190.2 Discovery Control Plan – Expedited Actions and Divorces Involving $250,000 or Less (Level 1)

(a) Application. This subdivision applies to:

(1) any suit that is governed by the expedited actions process in Rule 169; and

(2) unless the parties agree that rule 190.3 should apply or the court orders a discovery control plan under Rule 190.4, any suit for divorce not involving children in which a party pleads that the value of the marital estate is more than zero but not more than $250,000.

(b) Limitations. Discovery is subject to the limitations provided elsewhere in these rules and to the following additional limitations:

(1) Discovery period.

(A) In a suit not governed by the Family Code, all discovery must be conducted during the discovery period, which begins when the first initial disclosures are due and continues for 180 days.

(B) In a suit governed by the Family Code, all discovery must be conducted during the discovery period, which begins when the suit is filed and continues until 180 days after the date the first request for discovery of any kind is served on a party.

(2) Total time for oral depositions. Each party may have no more than 20 hours in total to examine and cross-examine all witnesses in oral depositions. The court may modify the deposition hours so that no party is given unfair advantage.

(3) Interrogatories. Any party may serve on any other party no more than 15 written interrogatories, excluding interrogatories asking a party only to identify or authenticate specific documents. Each discrete subpart of an interrogatory is considered a separate interrogatory.
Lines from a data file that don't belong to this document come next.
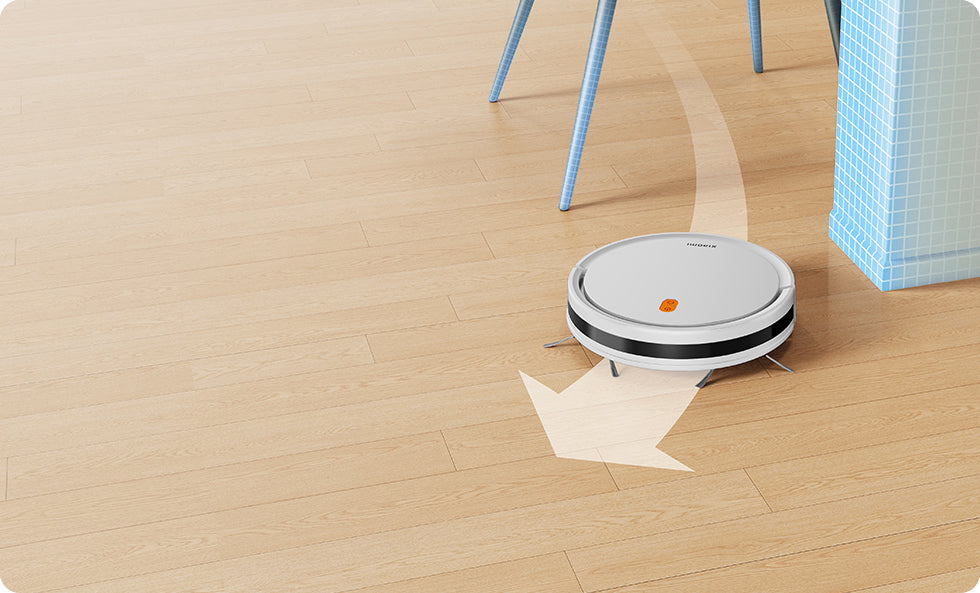 Xiaomi Robot Vacuum-Mop E5 White Mi-RVMP-E5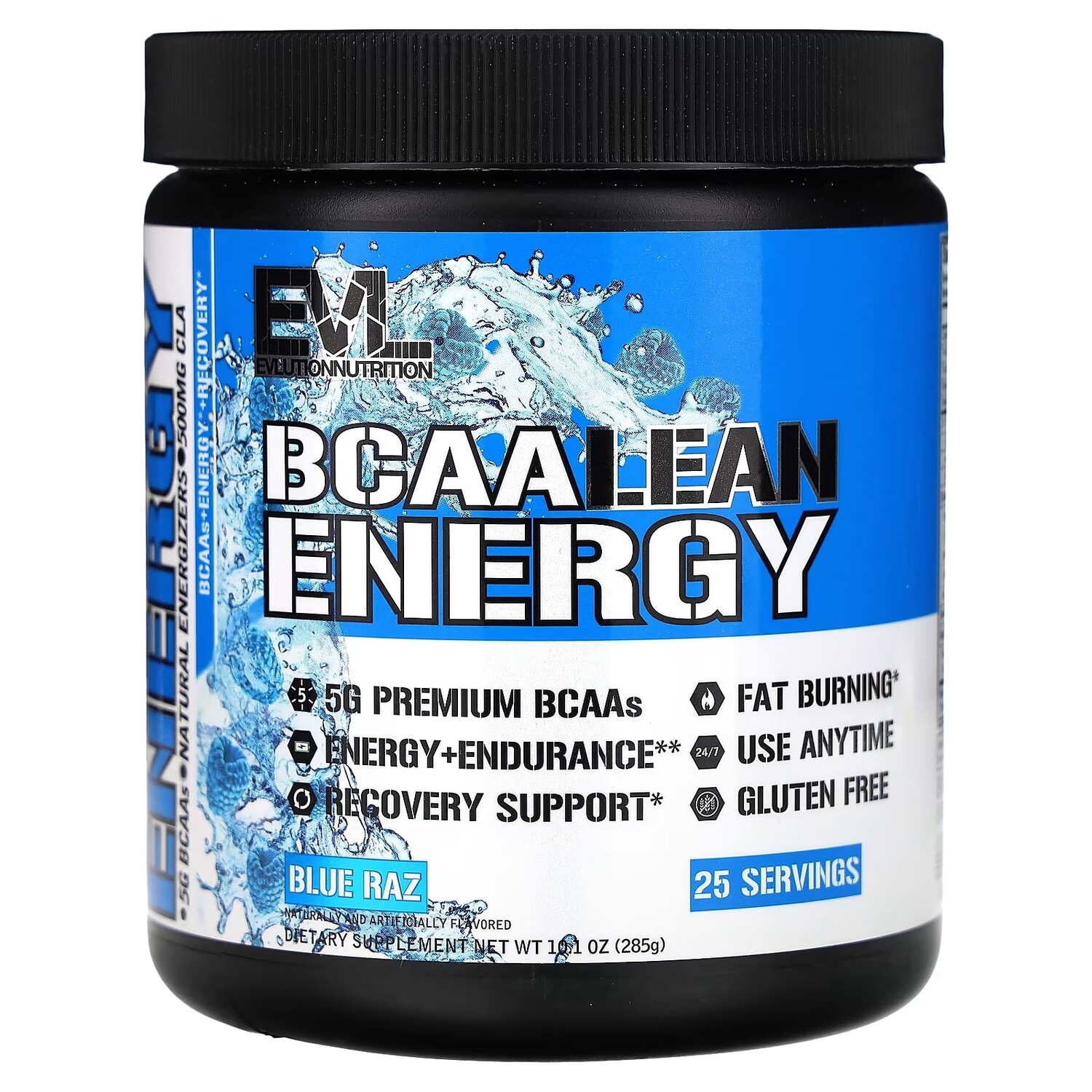 

Добавка EVLution Nutrition BCAA Lean Energy Blue Raz, 285 г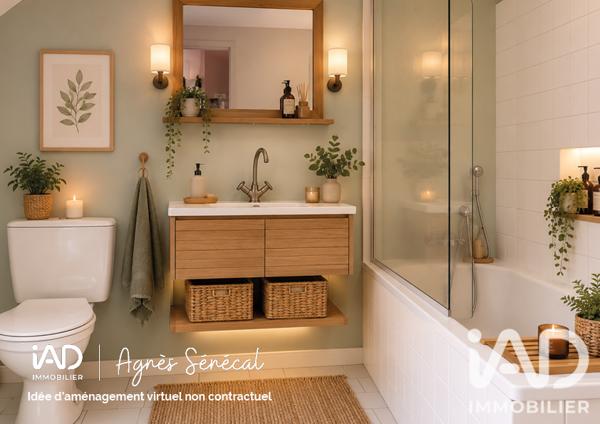 Appartement à vendre 2 pièces 46,77 m² Honfleur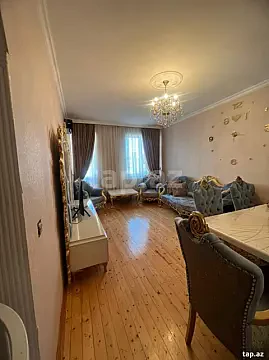 Satılır 2 otaqlı yeni tikili 75 m² — Xırdalan 2 otaq 75.00 m²
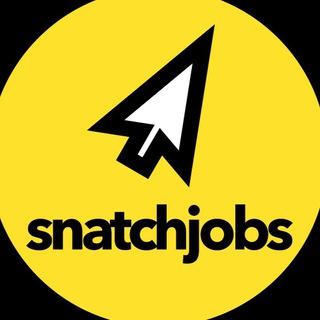 Logo saluran telegram snatchjobs_id — snatchjobs.id #Snatchjobs 🇮🇩
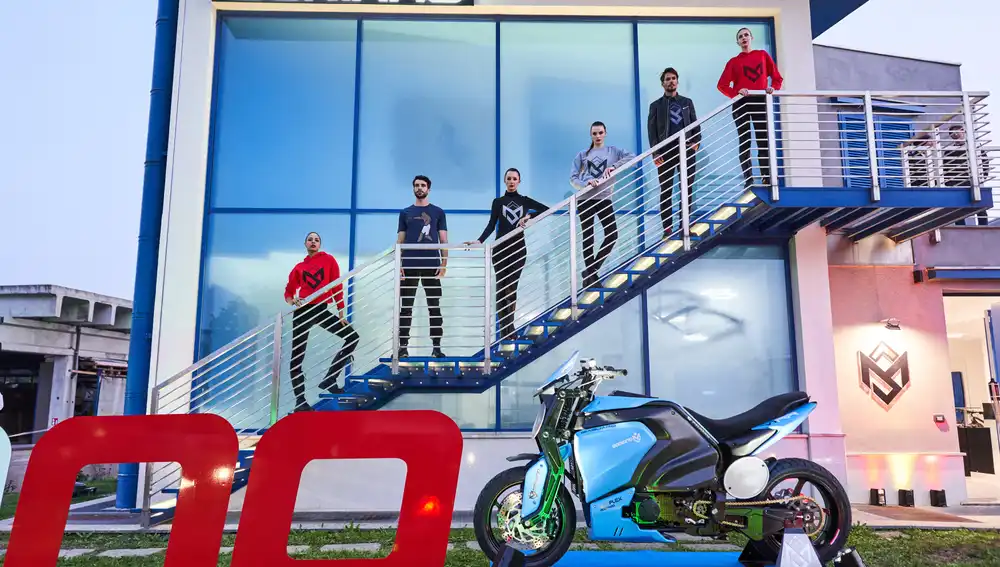Inauguración del centro de investigación e innovación de Soriano Motori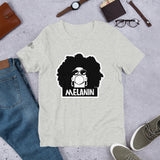 Melanin- Short-Sleeve Unisex T-Shirt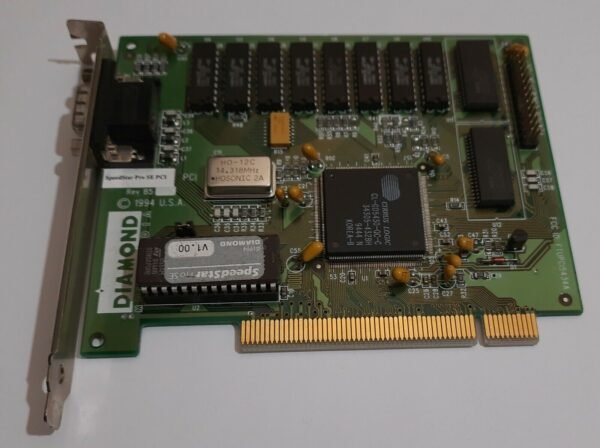 Diamond SpeedStar Pro SE PCI Grafikkarte (Cirrus Logic GD5430, 2MB, retro, 1994) - Image 2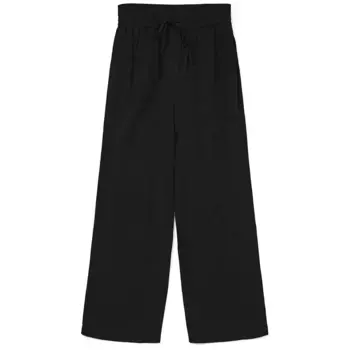Брюки Vero Moda Caia Wide Leg Fit, черный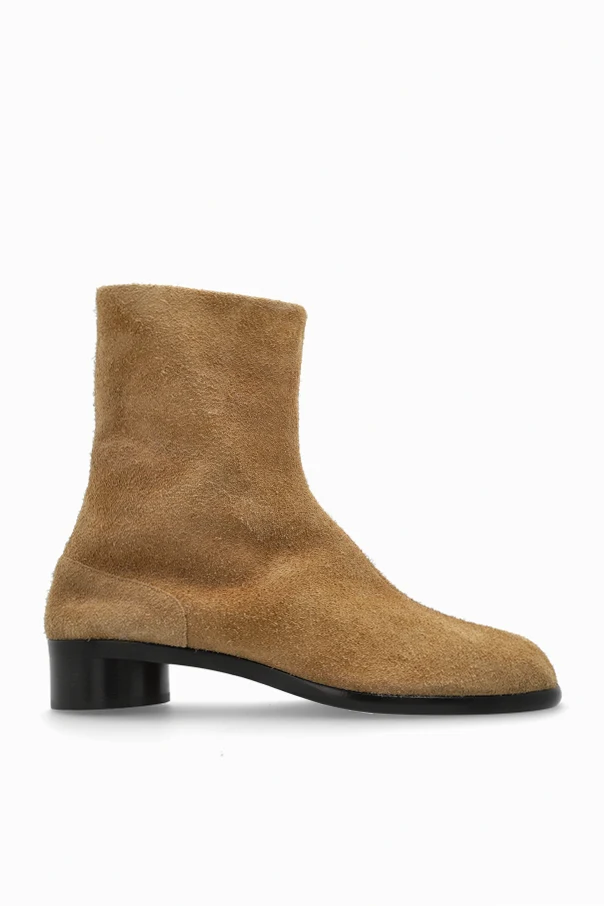 BRAUN Wildlederstiefeletten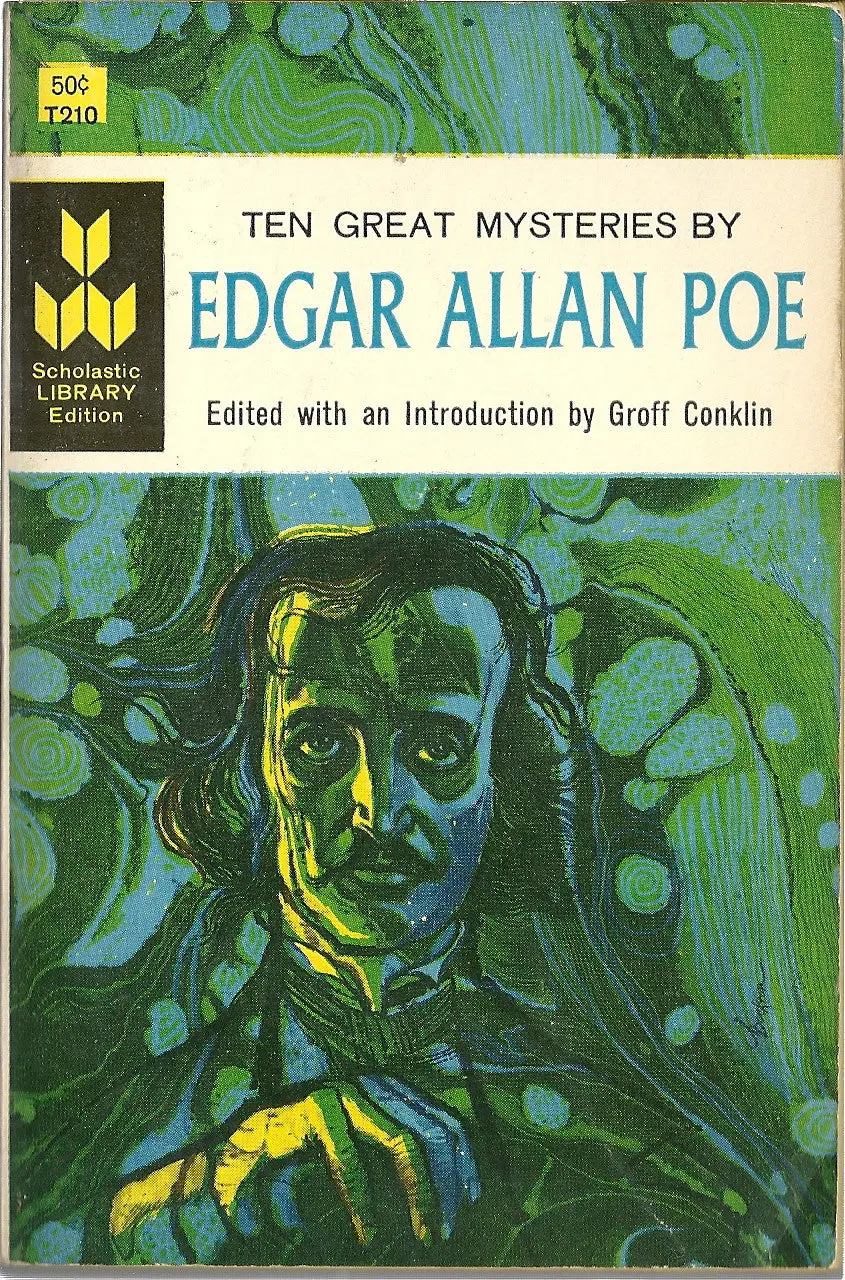 Ten Great Mysteries By Edgar Allan Poe 1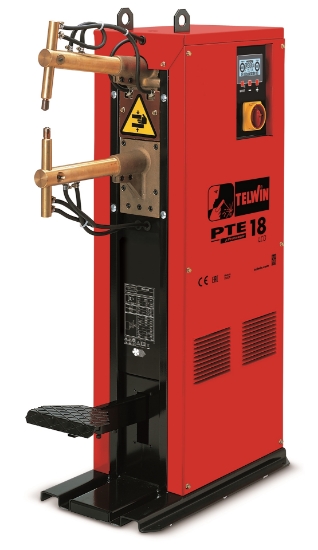 Obrázek Sloupová bodovací svářečka Telwin PTE 18 LCD ramena 700 mm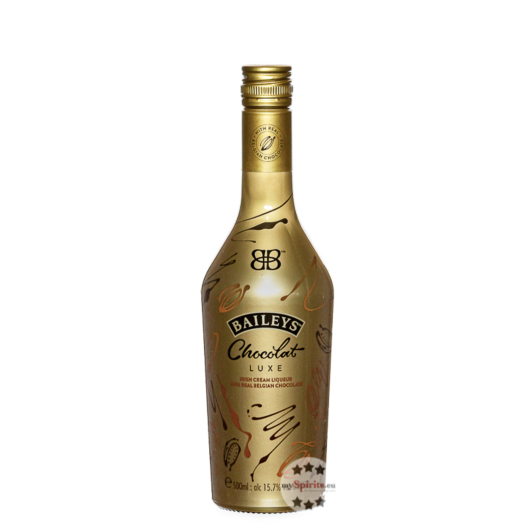 Baileys Chocolat Luxe Irish Cream Liqueur with Belgian Chocolate / 15,7 % Vol. / 0,5 Liter-Flasche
(4) Requests for Production. Any party may serve on any other party no more than 15 written requests for production. Each discrete subpart of a request for production is considered a separate request for production.

(5) Requests for Admissions. Any party may serve on any other party no more than 15 written requests for admissions. Each discrete subpart of a request for admission is considered a separate request for admission.

(c) Reopening Discovery. If a suit is removed from the expedited actions process in Rule 169 or, in a divorce, the filing of a pleading renders this subdivision no longer applicable, the discovery period reopens, and discovery must be completed within the limitations provided in Rules 190.3 or 190.4, whichever is applicable. Any person previously deposed may be redeposed. On motion of any party, the court should continue the trial date if necessary to permit completion of discovery.

190.3 Discovery Control Plan – By Rule (Level 2)

(a) Application. Unless a suit is governed by a discovery control plan under Rules 190.2 or 190.4, discovery must be conducted in accordance with this subdivision.

(b) Limitations. Discovery is subject to the limitations provided elsewhere in these rules and to the following additional limitations:

(1) Discovery period.

(A) In a suit not governed by the Family Code, all discovery must be conducted during the discovery period, which begins when the first initial disclosures are due and continues until the earlier of:

(i) 30 days before the date set for trial; or

(ii) nine months after the first initial disclosures are due.

(B) In a suit governed by the Family Code, all discovery must be conducted during the discovery period, which begins when the suit is filed and continues until thirty days before the date set for trial.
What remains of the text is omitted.